Comfort food is calling

by • September 14, 2015 • Apres, UncategorizedComments (0)1176

Every fall, there is inevitably and collectively a moment when we realize winter is upon us. Maybe it’s that one day when the darkening morning is suddenly noticed, or the first snowflakes and iced-over puddles appear.

Or maybe it’s the undeniable urge to consume mass amounts of comfort food.

How to describe comfort food? I imagine winter meals of childhood, often involving casseroles containing canned cream-of-something soup topped with melted cheese, or stews and gravy served over breads and meats.

One foodie friend defined comfort foods as “hearty, probably baked, with rich, heavy sauces,” but beyond ingredients, said comfort food is really “anything that takes you to a place of safety and a warm memory.” Another also gave an experiential answer: “Comfort food is anything that takes me back to childhood.”

Well, children of Alaska, September is an excellent time to embrace the advancing nip in the air and avoid dirtying your own kitchen by trusting the professionals to deliver comforting nibbles and plates. Here are some favorites:

Courtesy Jake Zollner, Executive Chef, Spenard Roadhouse Spenard Roadhouse features a tummy-warming macaroni and cheese that appeals to all ages.

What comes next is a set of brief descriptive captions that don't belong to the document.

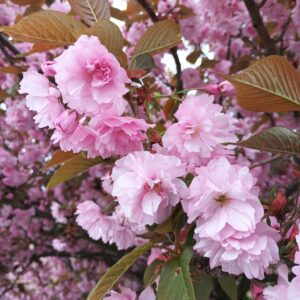 Cerezo japonés (prunus serrulata kanzan)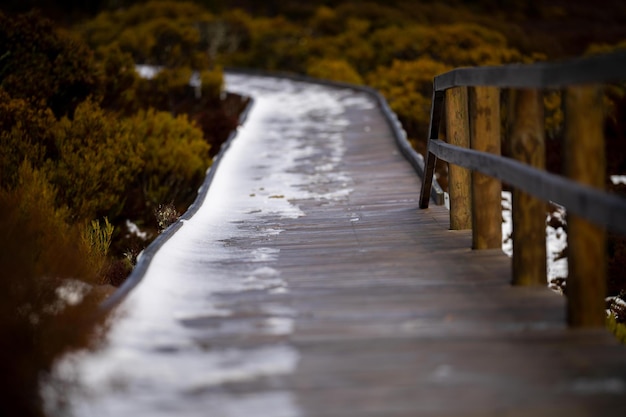 Neve su una passerella in un parco nazionale in australia in inverno
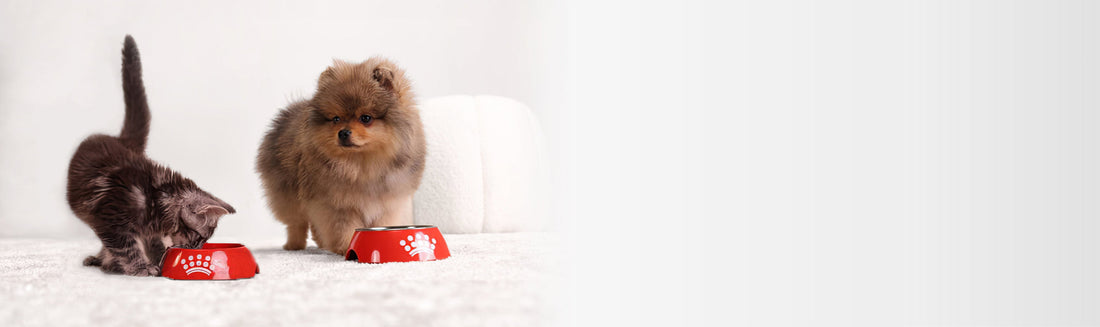A New Pet Parent’s Guide: Caring for Your Puppy or Kitten in Their First Year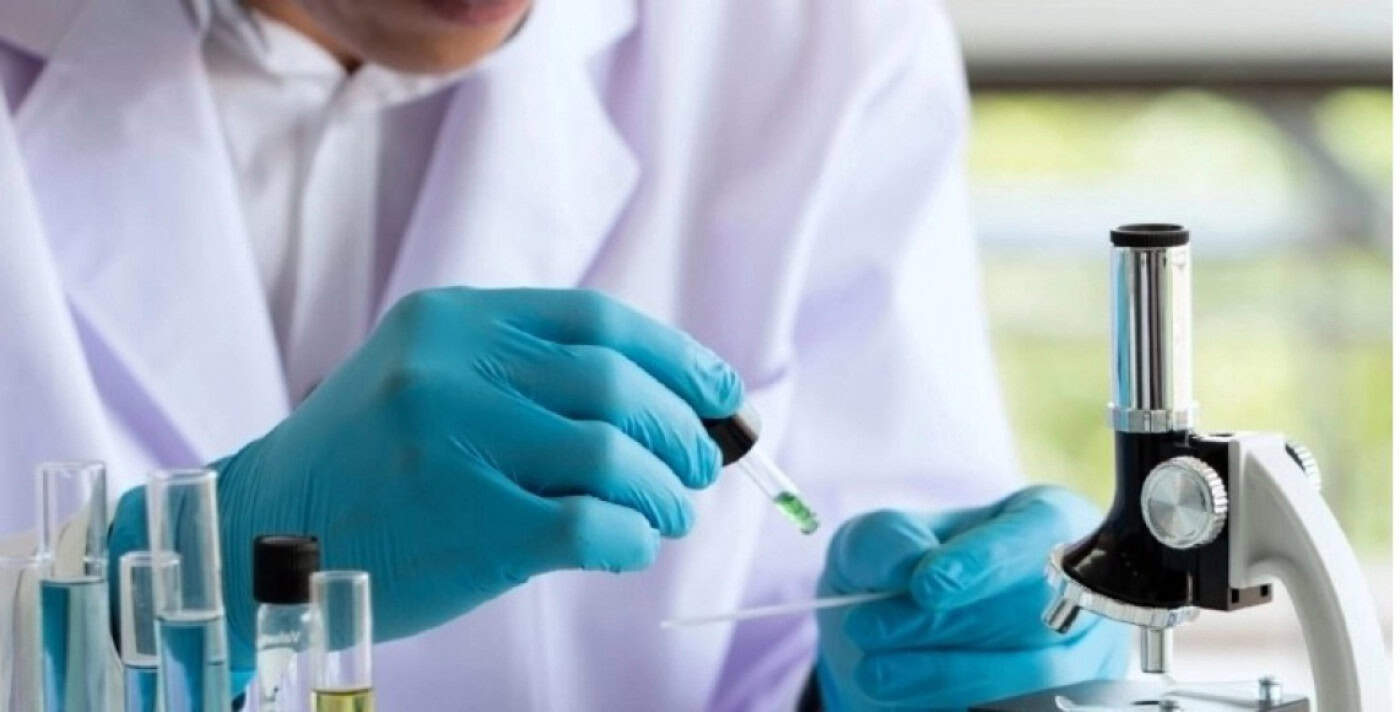 Duas investigadoras da UMinho premiadas pela Liga Portuguesa Contra o Cancro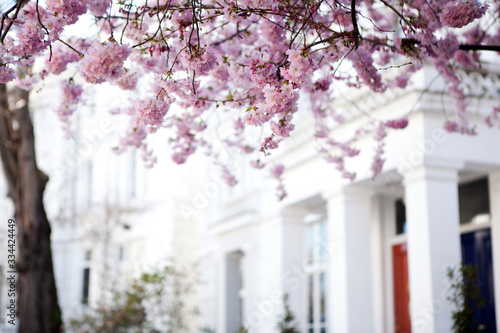 Flower tree in Notting Hill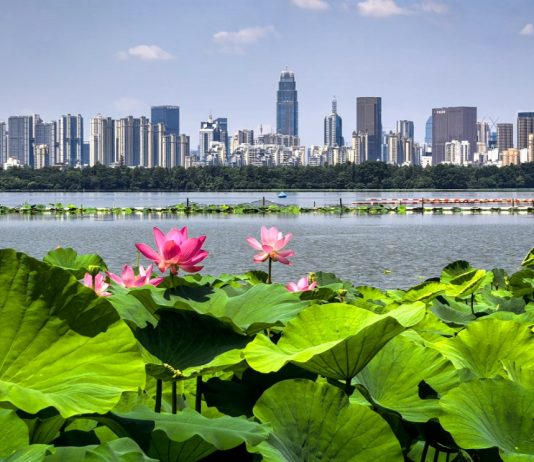 Cina: Wuhan, il lago Dong tra fiori di loto e biodiversità (3)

Courtesy Jake Zollner, Executive Chef, Spenard Roadhouse
Spenard Roadhouse features a tummy-warming macaroni and cheese that appeals to all ages.

Macaroni and cheese
Perhaps the granddaddy of comfort food, among the first cuisines children crave, an obtainable treat through financially lean years (thank you, Kraft) and now offered with an upscale twist by trendy eateries, macaroni and cheese is loved by nearly all.
Here in Anchorage, look to many restaurants for this creamy pasta, including Spenard Roadhouse (simple cheddar sauce, with the option of add-ons like broccoli and bacon), Crush (a dainty, ramekin-sized serving with nice crust and a savory tomato flavor), or Ginger (garlicky, white sauce, topped with seared scallops).

I’m a fan of the version served by Rustic Goat; their mac and cheese includes a smooth, rich sauce, roasted red onions, bacon, garlic, and a topping of sourdough crumble, served in a whimsical iron skillet.

Spaghetti and meatballs
There’s something about tomato sauce: The hearty, rustic aroma of it conjures visuals of a bubbling vat simmering on the stove, seasoned with Italian herbs like oregano and basil. Served with pasta alone, a platter of spaghetti is a hug on a plate. Add meatballs, and you’re in for a real snuggle. Fletcher’s serves up an excellent meatballs dish, with the appreciated option of a still-substantial half portion. Don’t miss chef Guy Conley’s meatballs at Fat Ptarmigan, a family recipe dating generations back to Italy.

French onion soup
Some shrink at the idea of soup alone as a substantial meal, but it can be done, and is done quite well by many restaurants in the area. Pho is a great example of filling, pleasurable soup. And French onion soup is a personal favorite. A bubbly layer of melty cheese, broiled atop a broth-soaked crouton, capping a pool of beef-based broth laced with sweet caramelized onions is about the most comforting version of soup that comes to mind. Simon and Seafort’s serves a fine version, and I love what they serve at F Street Station, where you can devour it by the bowl-full or scale back to a perfectly pleasing cup size.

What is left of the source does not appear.